"Sınavlar bitti!" Gyu Na ile bahçeye inmiş dans ediyorduk."Tatilin tadını çıkaralım!"
Aynı anda "Evet!" diye bağırdık.
"Nereye gidelim?" diye sordum Gyu Na'ya. Gyu Na'nın telefonu çaldığında uzaklaşıp sessizce konuştu. Konuşması bittiğinde yanıma geldi.
"Ne saklıyorsun bakayım?"
Beni umursamayıp, "Ae Ra, hadi büyük alana gidelim." dedi.
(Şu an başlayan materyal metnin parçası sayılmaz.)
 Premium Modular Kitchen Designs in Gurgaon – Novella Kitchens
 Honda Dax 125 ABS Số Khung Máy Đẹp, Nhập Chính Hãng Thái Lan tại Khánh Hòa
"Neden oraya gidiyoruz?" diye sordum.
Biraz duraksadıktan sonra, "Çimler var, çok güzel." deyip çekiştirmeye başladı beni. Onu durdurdum.
"Bekle. Çim mi? Onun bizimle ne alakası var?"
"Futbolcular var. Ah çok yakışıklılar!" deyip yine beni çekiştirmeye başladı, karşı koymadım.
Gülerek mırıldandım. "Oraya gitmek mi istiyorsun? Vay, bizimki neler karıştırıyor!"
Büyük alana geldiğimizde baya bir kişi vardı burada. Gyu Na'ya döndüm.
"Bu kalabalıkta ne?"
"Bir ana tanıklık etmek için buradalar." dedi, ama yine de ne olduğunu anlamamıştım.
"Ne anı?" derken Gyu Na yine beni çekiştirmeye başlayıp oraya götürmüştü.
Taehyung bir banka çıkmıştı, karşısında da topluluk vardı. Taehyung, okula çabuk dönmüştü. Gülerken "Taehyung!" dedim. "Dönmüşsün."
Elindeki suniyi ağızına kaldırarak konuşmaya başladı. "Selam, Ae Ra." böylece sesi daha yüksek çıkıyordu. "Seni çok özledim!" Herkes alkışlamaya başladı. Elimi ona doğru salladım.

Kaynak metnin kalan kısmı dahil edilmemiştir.